**EXERCISE REQUIREMENTS**
Please retype exactly the lines from the one containing "Crossbody Bags for" through the end of the records, leaving out the pictures.

(Records contained in a dataset)
◇ ◇ ◇ ◇ ◇

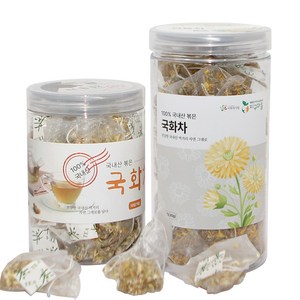 지구마을 국내산 삼각티백 전통차 국화차 티백차, 0.6g, 50개입, 1개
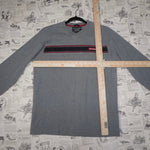 Medium - Vintage Y2K Abercrombie and Fitch stripe LS t-shirt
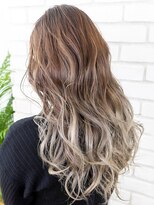 オーブ ヘアー ガーデン 渋谷店(AUBE HAIR garden) 【AUBE HAIR】ベージュ_グラデーションカラー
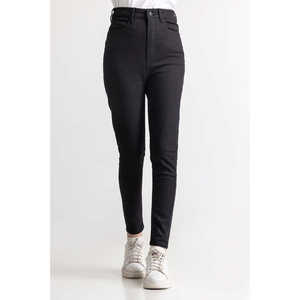 Jeans en denim noir basique WM-JNS-SS24-001, simplicité élégante - Product Image 3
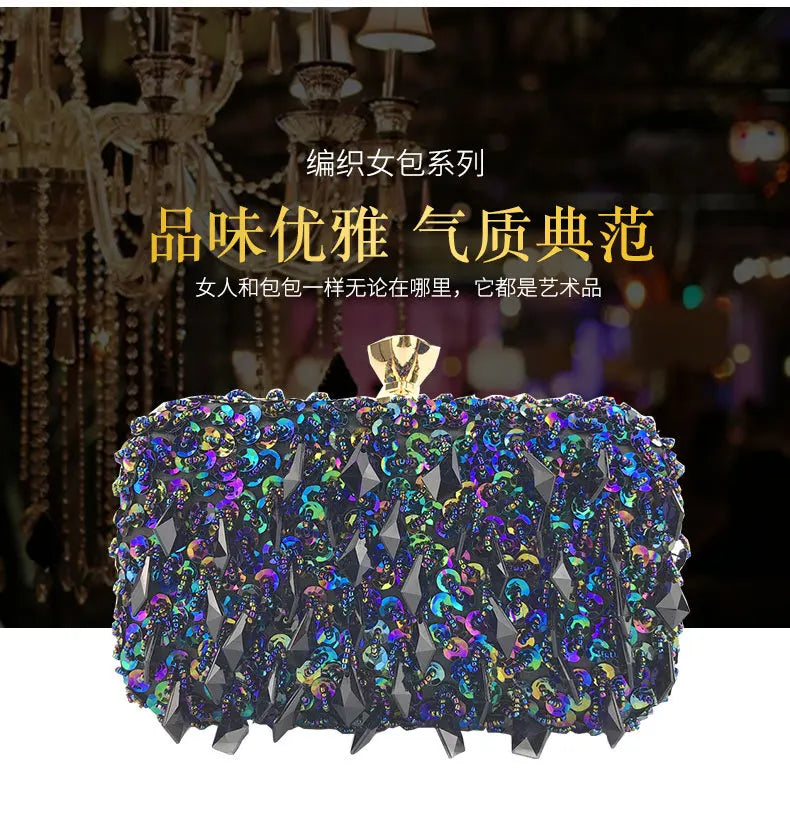 Crossbody Bags for Women 2023 Luxury Designer Fashion Party Handbags Trend Chain Cluth Sac De Luxe Femme Wedding Bags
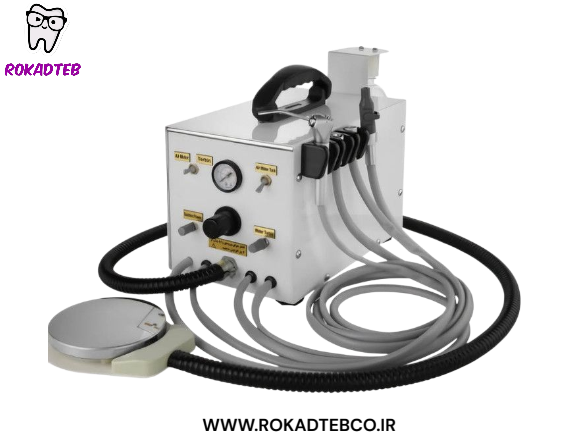 قطعات میکرویونیت دندانپزشکی ۴ شلنگ Full Option رکادطب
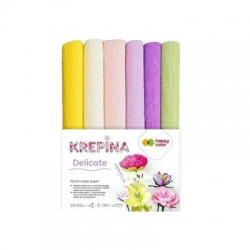 Bibuła dekor mix krepina Delicate a6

◇ ◇ ◇ ◇ ◇

**EXERCISE ANSWER**
 Crossbody Bags for Women 2023 Luxury Designer Fashion Party Handbags Trend Chain Cluth Sac De Luxe Femme Wedding Bags
 قطعات میکرویونیت دندانپزشکی ۴ شلنگ Full Option رکادطب
 Bibuła dekor mix krepina Delicate a6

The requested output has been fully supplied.